*** Begin section ***
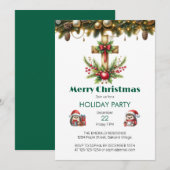 Holzkreuz mit Weihnachten Einladung (Vorne/Hinten)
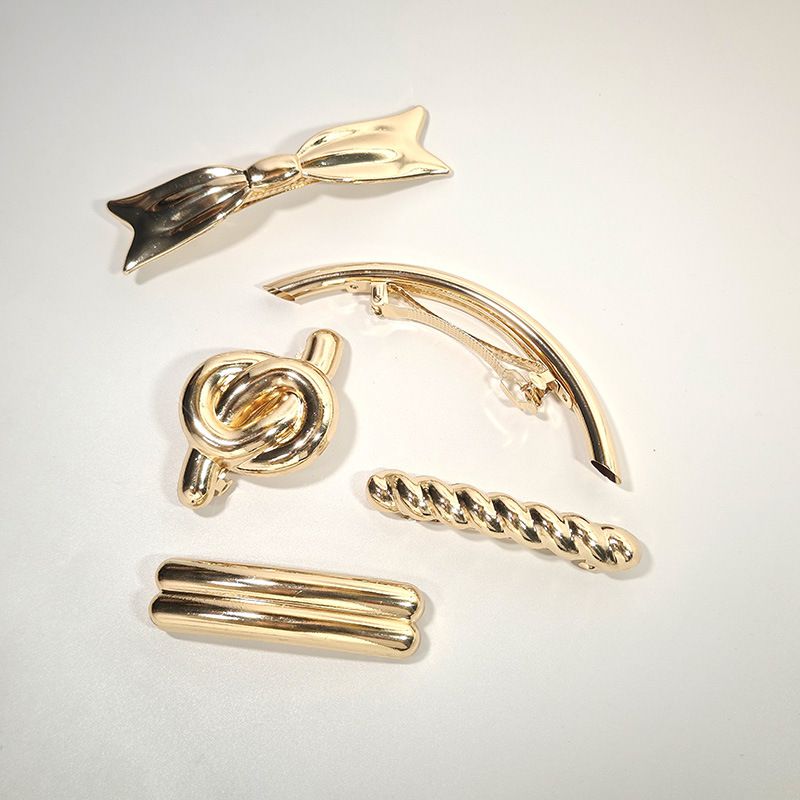 Fashion Golden Round Tube Alloy Curved Hairpin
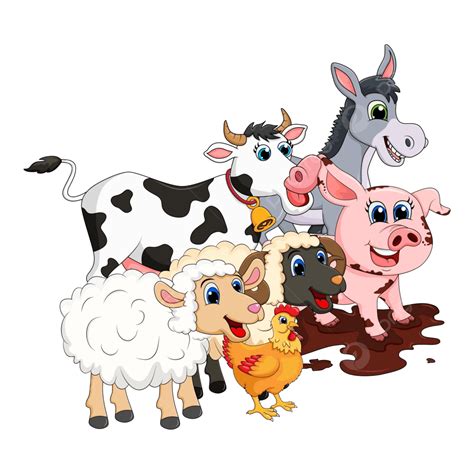 Design Isolated Group Of Farm Animals Cow Pig Ram Donkey Sheep And Hen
*** End section ***
- **REQUIRED ACTION**: Copy, exactly and exclusively, the lines beginning with the one that contains "Fashion Golden Round" and ending with the last line of the listing; pictures are to be omitted.

- **COMPLETED TASK**:
 Fashion Golden Round Tube Alloy Curved Hairpin
 Design Isolated Group Of Farm Animals Cow Pig Ram Donkey Sheep And Hen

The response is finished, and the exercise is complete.